(Image-text web data)
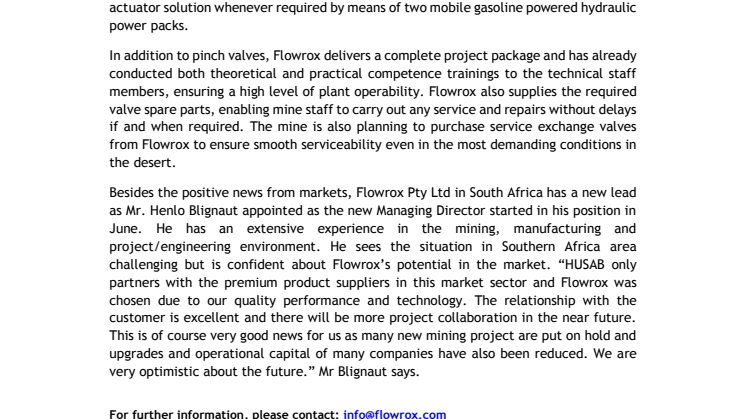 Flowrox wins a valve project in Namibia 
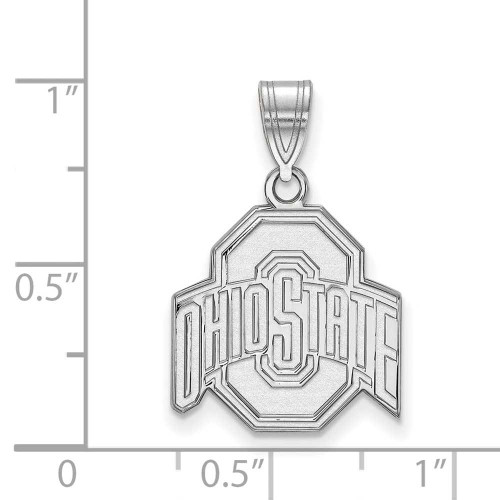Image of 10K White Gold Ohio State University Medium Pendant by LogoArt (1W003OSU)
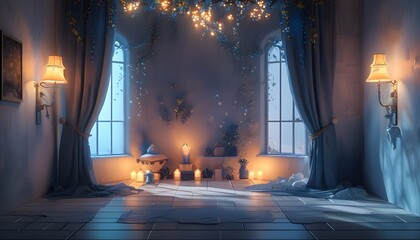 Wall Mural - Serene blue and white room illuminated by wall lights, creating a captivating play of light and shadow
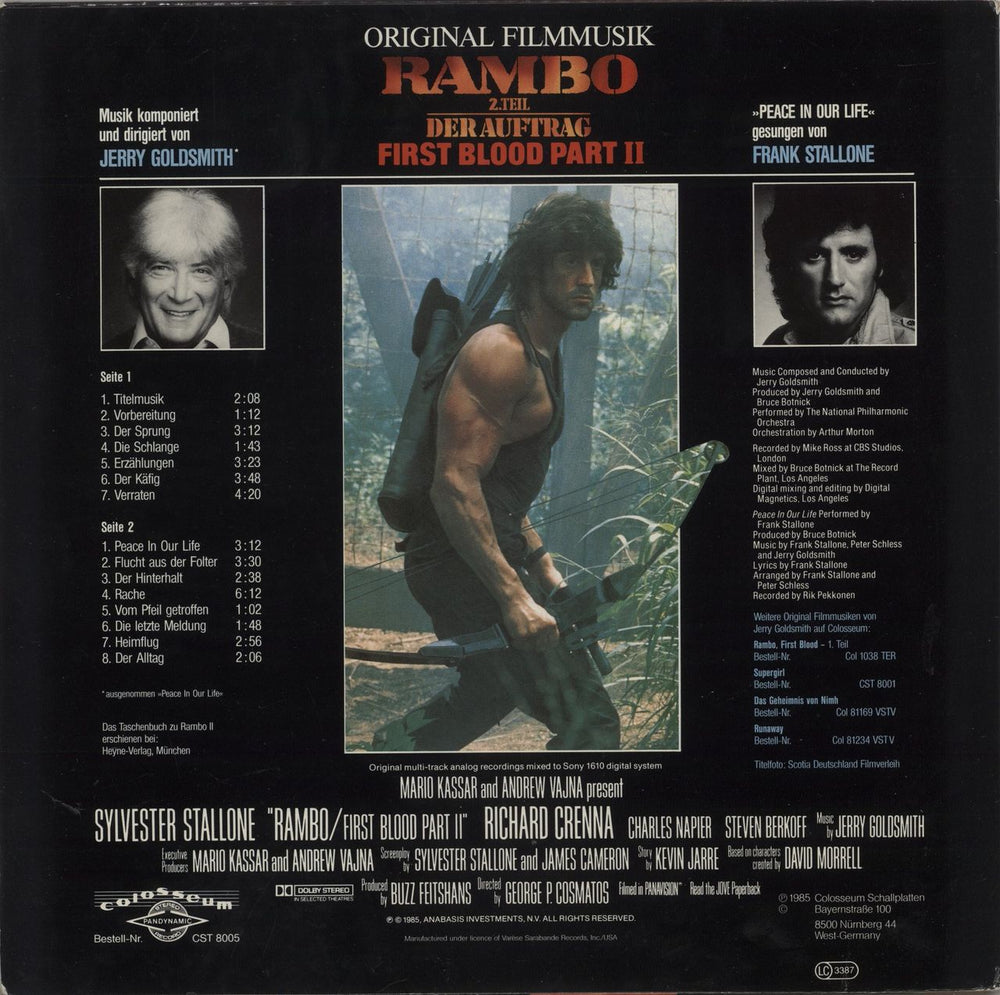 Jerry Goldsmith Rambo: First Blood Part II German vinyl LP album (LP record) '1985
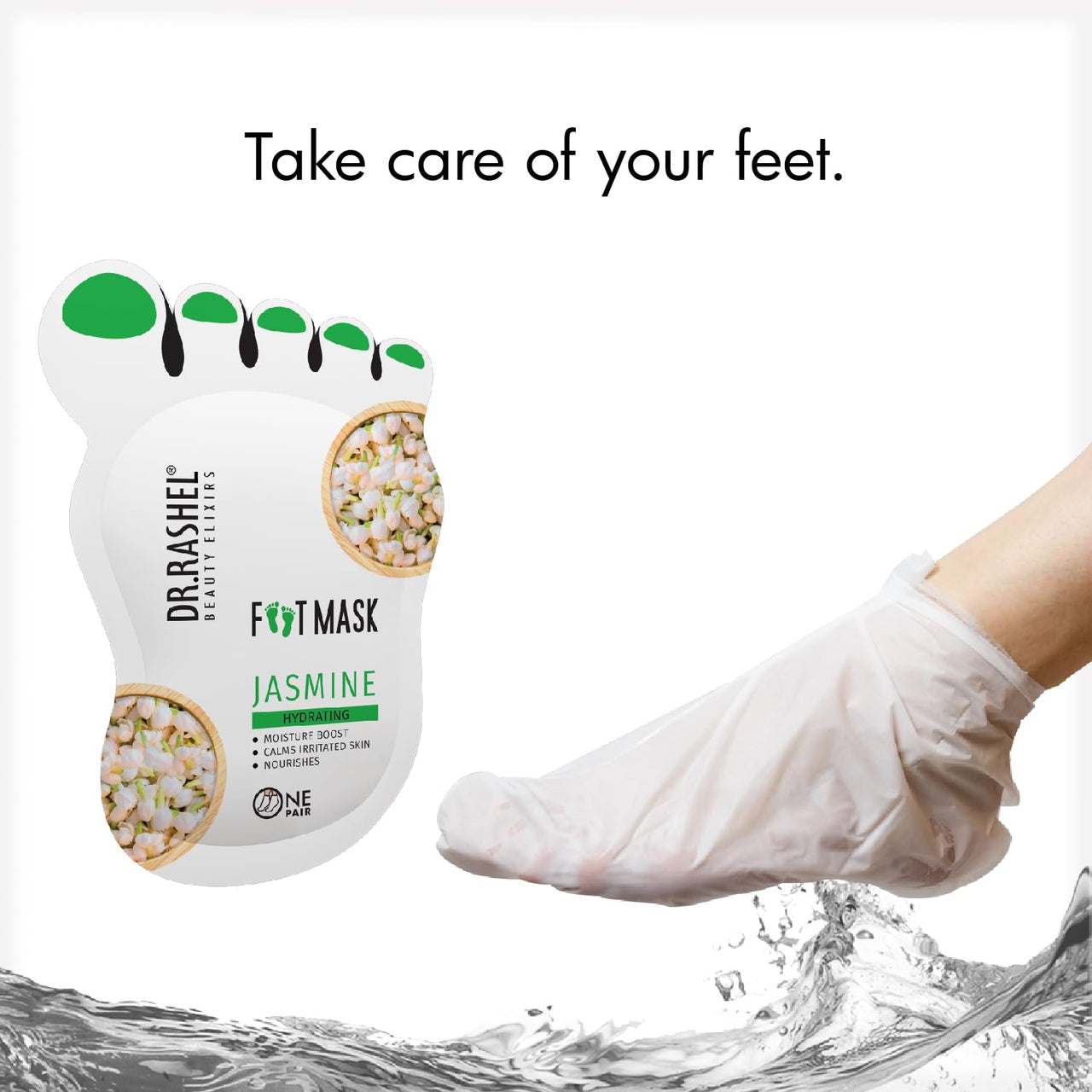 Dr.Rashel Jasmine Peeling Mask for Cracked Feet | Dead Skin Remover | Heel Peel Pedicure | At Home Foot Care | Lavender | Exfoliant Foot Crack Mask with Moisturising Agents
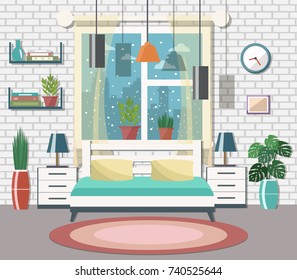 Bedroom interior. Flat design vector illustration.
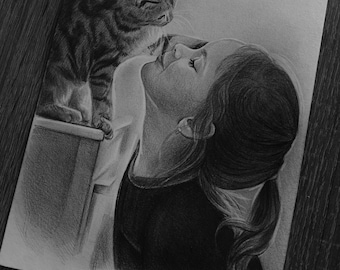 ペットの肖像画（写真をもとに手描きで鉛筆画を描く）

■ Goal of the exercise ■
Please print every record exactly as written, without the pictures.

■ Response for this exercise ■
 Flowrox wins a valve project in Namibia 
Image of 10K White Gold Ohio State University Medium Pendant by LogoArt (1W003OSU)
 Wall Mural - Serene blue and white room illuminated by wall lights, creating a captivating play of light and shadow
 Jerry Goldsmith Rambo: First Blood Part II German vinyl LP album (LP record) '1985
 Dr.Rashel Jasmine Peeling Mask for Cracked Feet | Dead Skin Remover | Heel Peel Pedicure | At Home Foot Care | Lavender | Exfoliant Foot Crack Mask with Moisturising Agents
 Bedroom interior. Flat design vector illustration.
 ペットの肖像画（写真をもとに手描きで鉛筆画を描く）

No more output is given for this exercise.